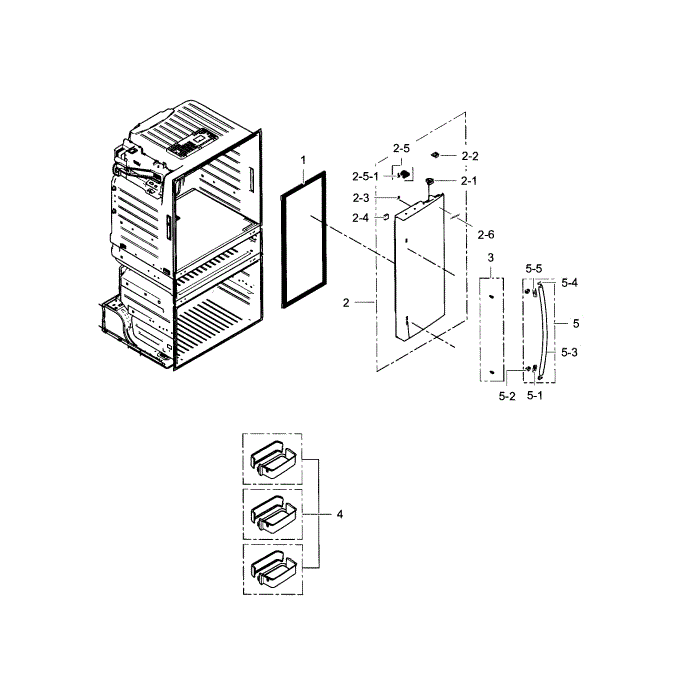 Refrigerator Door R Diagram and Parts List for RF28HMEDBWW AA-01 Samsung Refrigerator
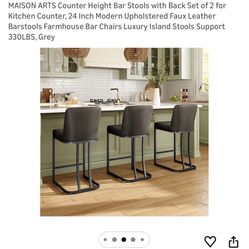 Leather Bar Stools Dark Grey Set Of 2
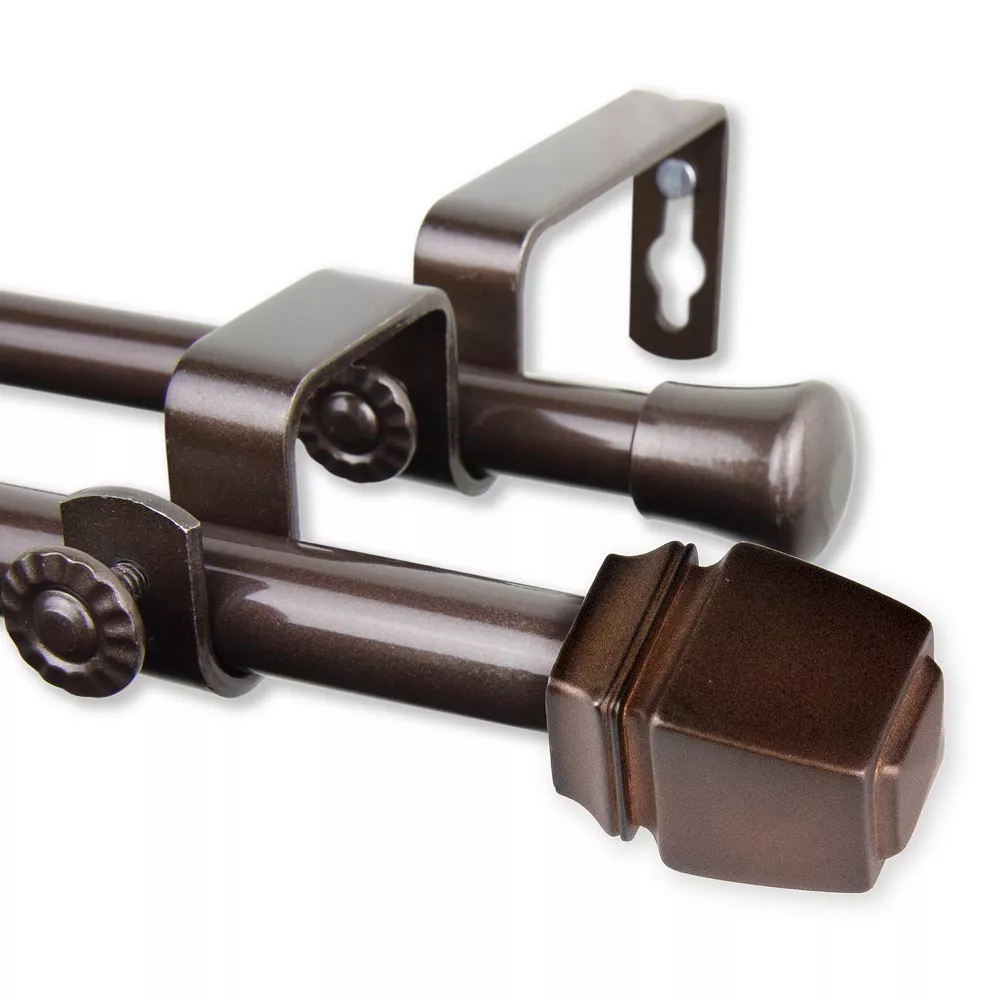 Rod Desyne Jasur 5/8" Double Curtain Rod 84"-120" 3 Rod Desyne Jasur 5/8" Double Curtain Rod 84"-120"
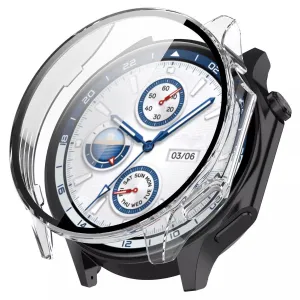 Corner Guarding OnePlus Watch 2 PC Case with Glass (Transparent)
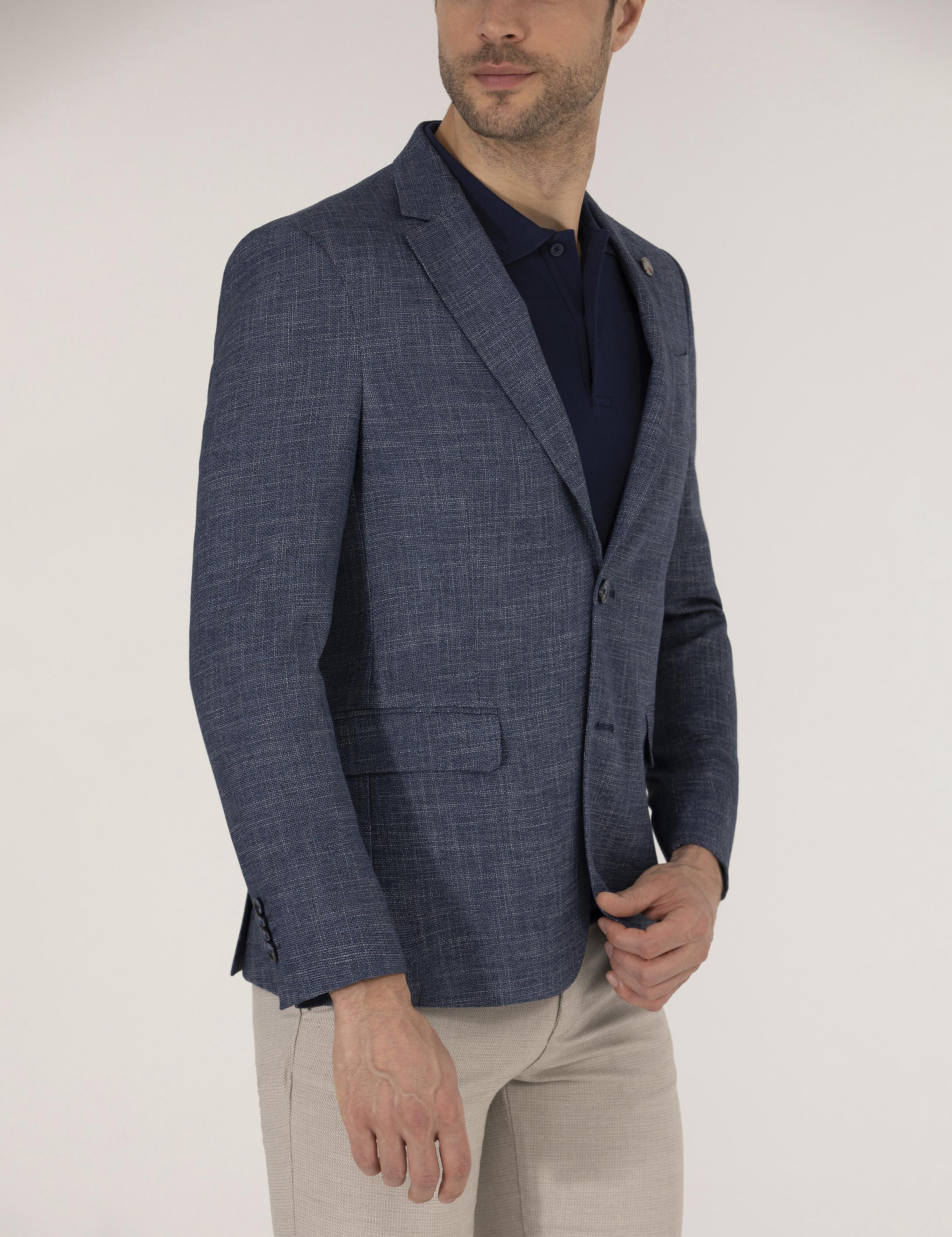 Açık Lacivert Slim Fit Ceket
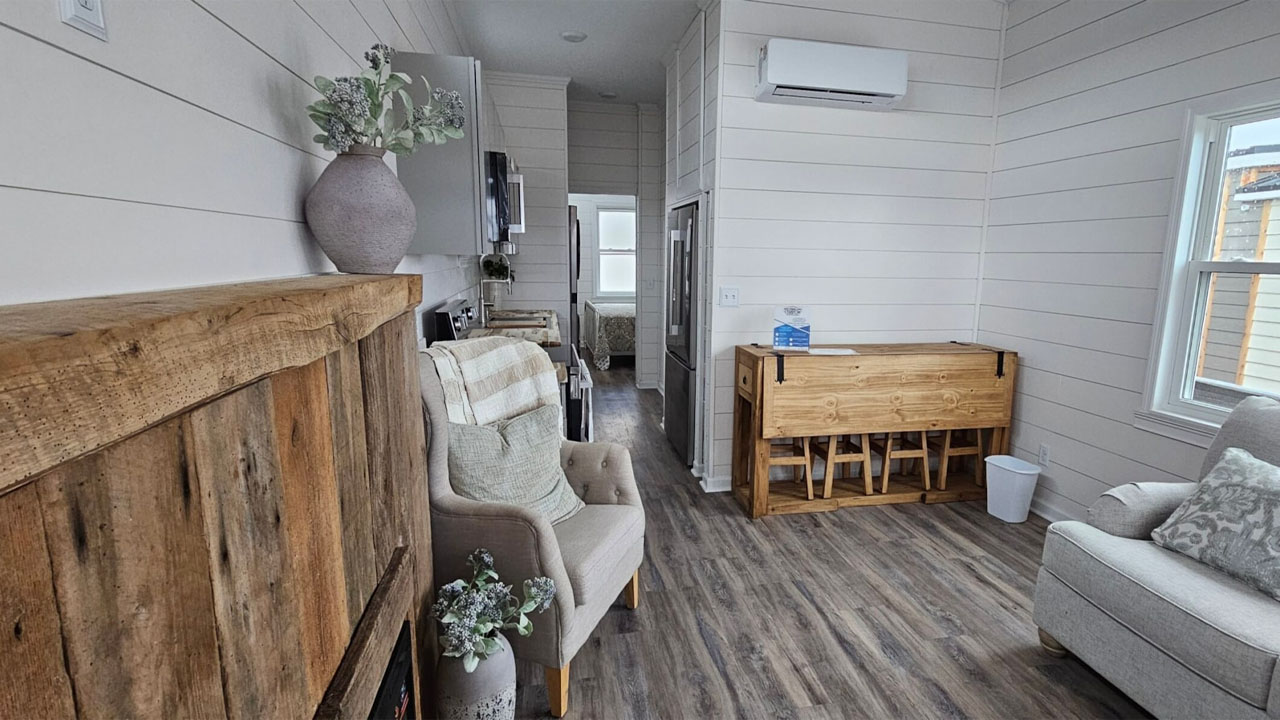 399 sq. ft. Customizable Tiny House Flaunts Rustic Elegance With Its Textured Woodwork, Fits Enclosed Porch and a Bedroom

==============================

Problem description |
Repeat verbatim the range of lines that opens at the line containing "3 Rod Desyne" and closes at the last line of the entries, excluding all pictures.

Exercise result |
 Rod Desyne Jasur 5/8" Double Curtain Rod 84"-120" 3 Rod Desyne Jasur 5/8" Double Curtain Rod 84"-120"
 Corner Guarding OnePlus Watch 2 PC Case with Glass (Transparent)
 Açık Lacivert Slim Fit Ceket
 399 sq. ft. Customizable Tiny House Flaunts Rustic Elegance With Its Textured Woodwork, Fits Enclosed Porch and a Bedroom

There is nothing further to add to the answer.